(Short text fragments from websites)
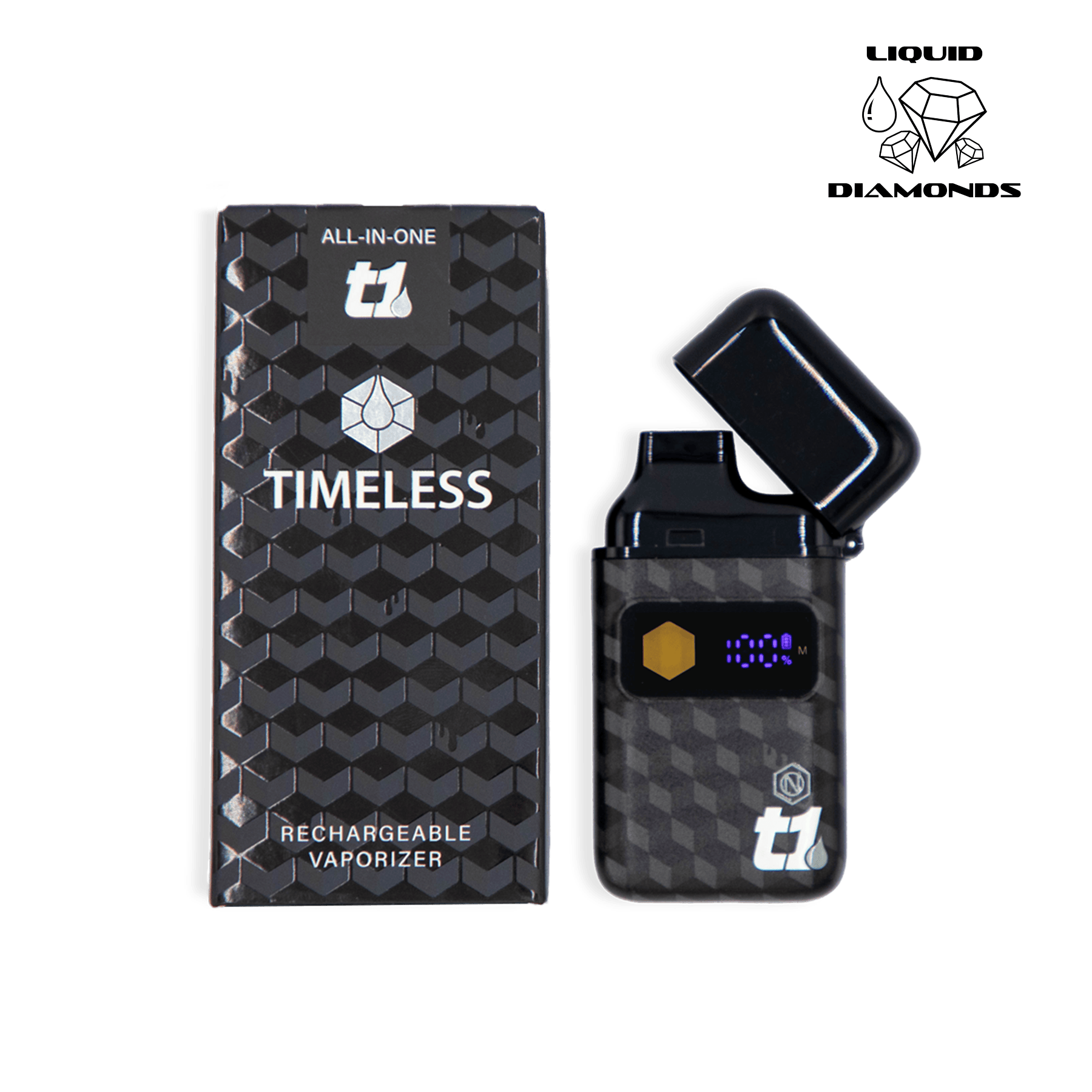 Timeless Vapes - Pearadise | NOIR Liquid Diamonds T1 Disposable | 1g - 1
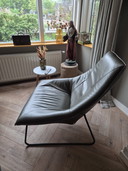 2 fauteuils en cuir Jess Design avec repose-pieds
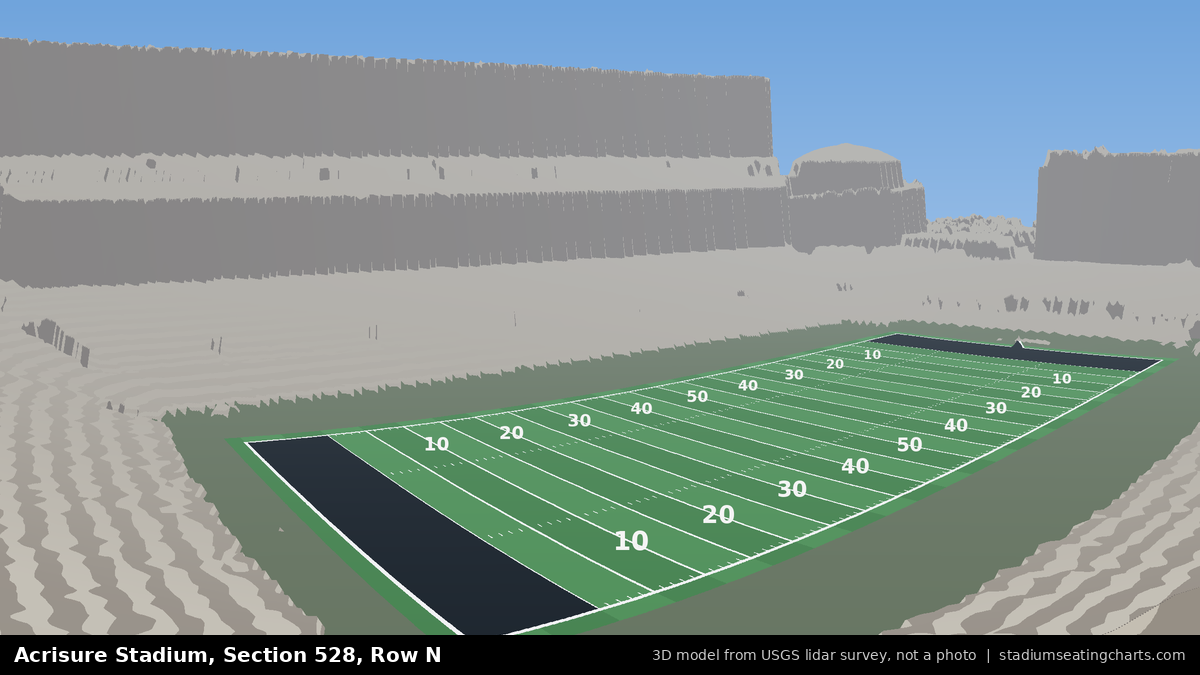 View from Acrisure Stadium Section 528, Row N, looking toward the field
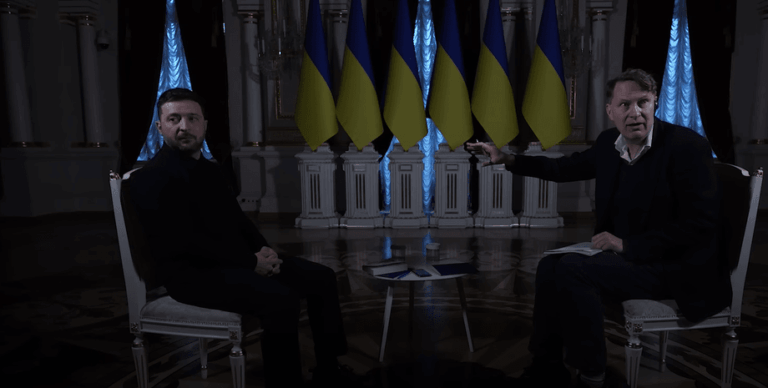 Інтерв’ю Зеленського “The Guardian”: двічі вимикали електрику (відео)
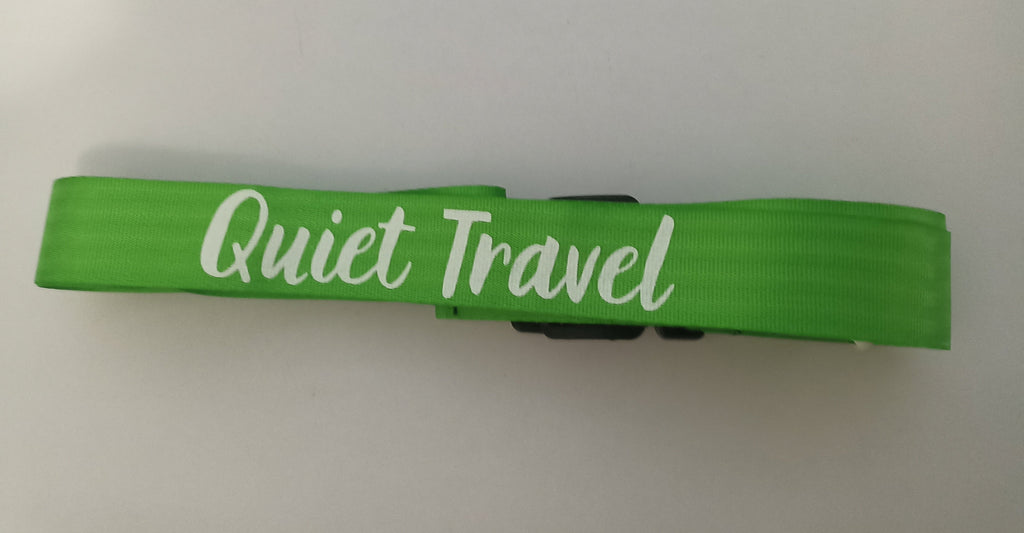 Pack sécurité : Etiquette de bagage + sangle de bagage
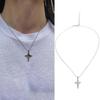 Cross Choker Necklace Four Pointed Star Necklaces Asterism-Necklace Jewelry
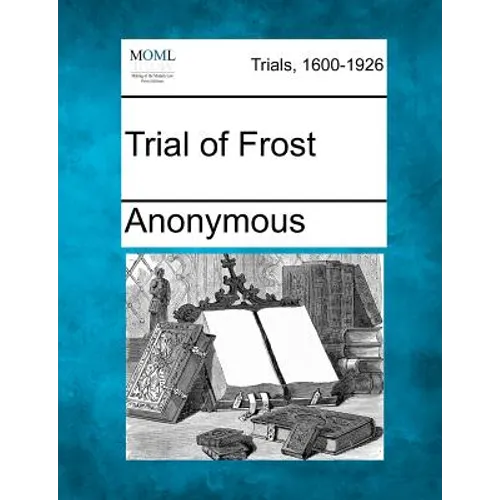 Trial of Frost - Paperback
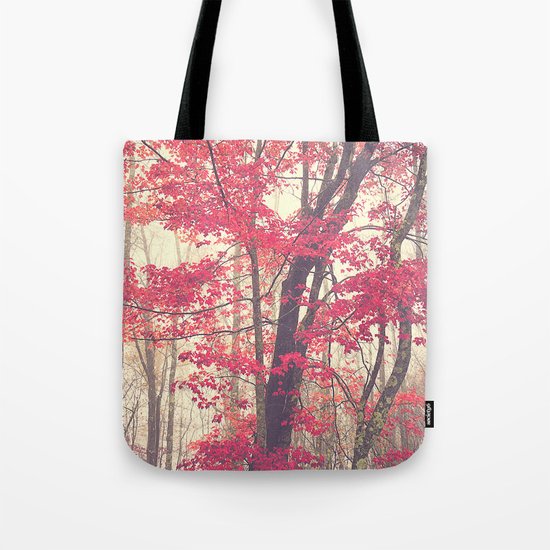 Autumn Red Tote Bag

▸ WHAT YOU ARE ASKED TO DO: Transcribe each record exactly as it stands, setting aside any pictures.

▸ RESPONSE AREA:
 Timeless Vapes - Pearadise | NOIR Liquid Diamonds T1 Disposable | 1g - 1
 2 fauteuils en cuir Jess Design avec repose-pieds
 View from Acrisure Stadium Section 528, Row N, looking toward the field
 Інтерв’ю Зеленського “The Guardian”: двічі вимикали електрику (відео)
 Pack sécurité : Etiquette de bagage + sangle de bagage
 Cross Choker Necklace Four Pointed Star Necklaces Asterism-Necklace Jewelry
 Trial of Frost - Paperback
 Autumn Red Tote Bag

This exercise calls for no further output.